WHAT YOU SHOULD DO
Go to the line holding "お電話でのお問い合わせ 03-5373-3511 月~金" in the data below. Return it and each line after it through the last, exactly, and skip the pictures.

:: DATA UNDER STUDY

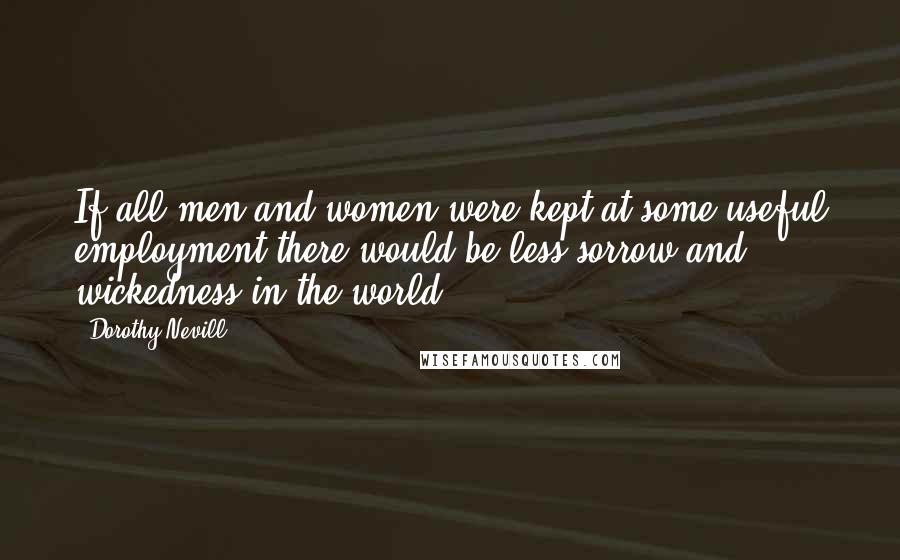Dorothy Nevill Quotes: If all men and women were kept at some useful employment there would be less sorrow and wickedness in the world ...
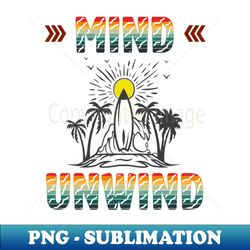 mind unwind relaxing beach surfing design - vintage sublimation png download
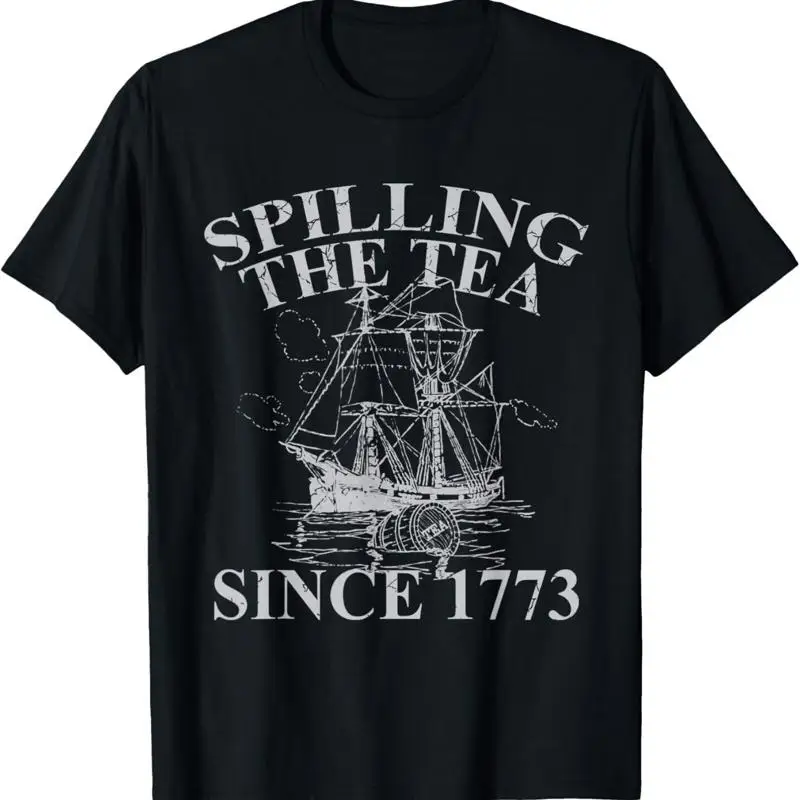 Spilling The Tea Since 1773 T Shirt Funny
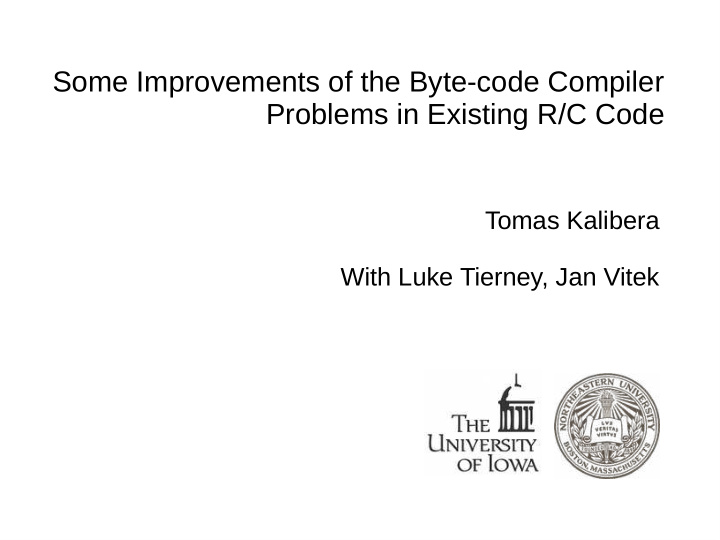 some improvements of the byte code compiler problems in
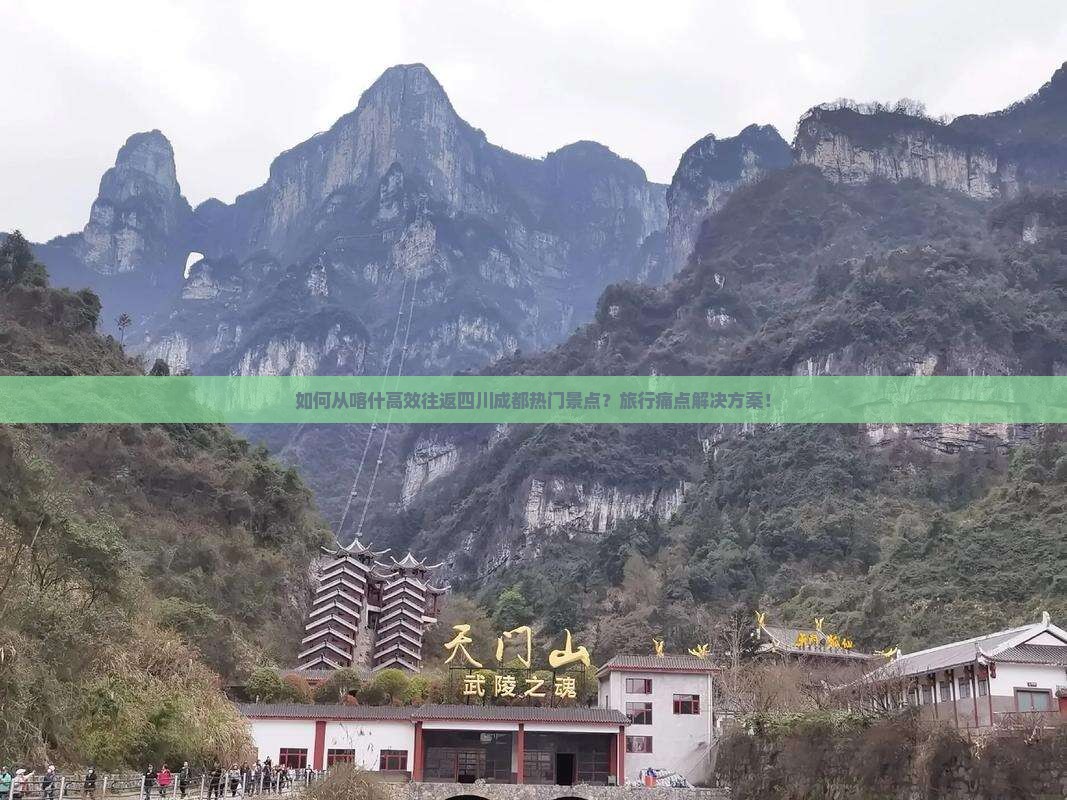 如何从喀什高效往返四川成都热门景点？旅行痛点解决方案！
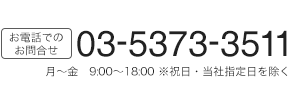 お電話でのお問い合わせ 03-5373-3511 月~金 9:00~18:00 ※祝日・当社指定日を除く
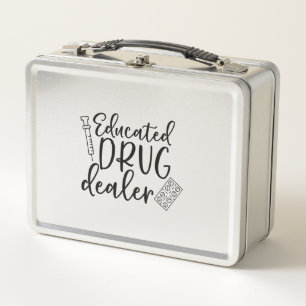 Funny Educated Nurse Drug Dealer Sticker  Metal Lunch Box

::::

RESPONSE AREA
 お電話でのお問い合わせ 03-5373-3511 月~金 9:00~18:00 ※祝日・当社指定日を除く
 Funny Educated Nurse Drug Dealer Sticker  Metal Lunch Box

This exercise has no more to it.